My first "I may not make it" moment, happened.

My 90 degree angle backing has been sporadic, at best. Everything else I'm doing well at.

Last Thursday and Friday I seemed to have it down but on Monday, I was all over the place. We had our practice test yesterday afternoon and I flubbed it, as well as one other student. We only have four students and one quit, yesterday.

One guy is 25 and a natural at backing up.

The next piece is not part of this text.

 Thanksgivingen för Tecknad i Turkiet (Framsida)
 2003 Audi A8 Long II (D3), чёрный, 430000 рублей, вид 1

He was exempt, yesterday.

So our trainer agreed to meet us this morning at 6:30, this morning, with one last chance to keep training.

First attempt I was off, but the second I corrected my mistake and dropped it in with no pull-ups and my hand was shook and I was told I made it.

Unfortunately I have a divorce by Zoom meeting at 9AM, today, so I'm unable to make the trip to Black River to meet everyone and that's a bummer and I wasn't able to stay and support my fellow classmate on his attempt but, I am beyond relieved.

I left a good paying and secure job for the chance to start a career late in life that I know I'll be happy with and trying to sleep last night while running the maneuver over and over in my head, well let's just say I got about four hours worth of sleep, at best.

I was thinking of all of the other recruiters I had spoken with and what I was going to say to them when I called them and told them "Hey, I was good enough at everything but the 90 degree and I'm close", etc.

Now, I'm beyond relieved and thankful for Millis giving me a second chance, because I really didn't want to work for anyone else.

Thanks Trucking Truth members for your positivity and all of the information I've gathered from reading the many informative posts and comments in this forum.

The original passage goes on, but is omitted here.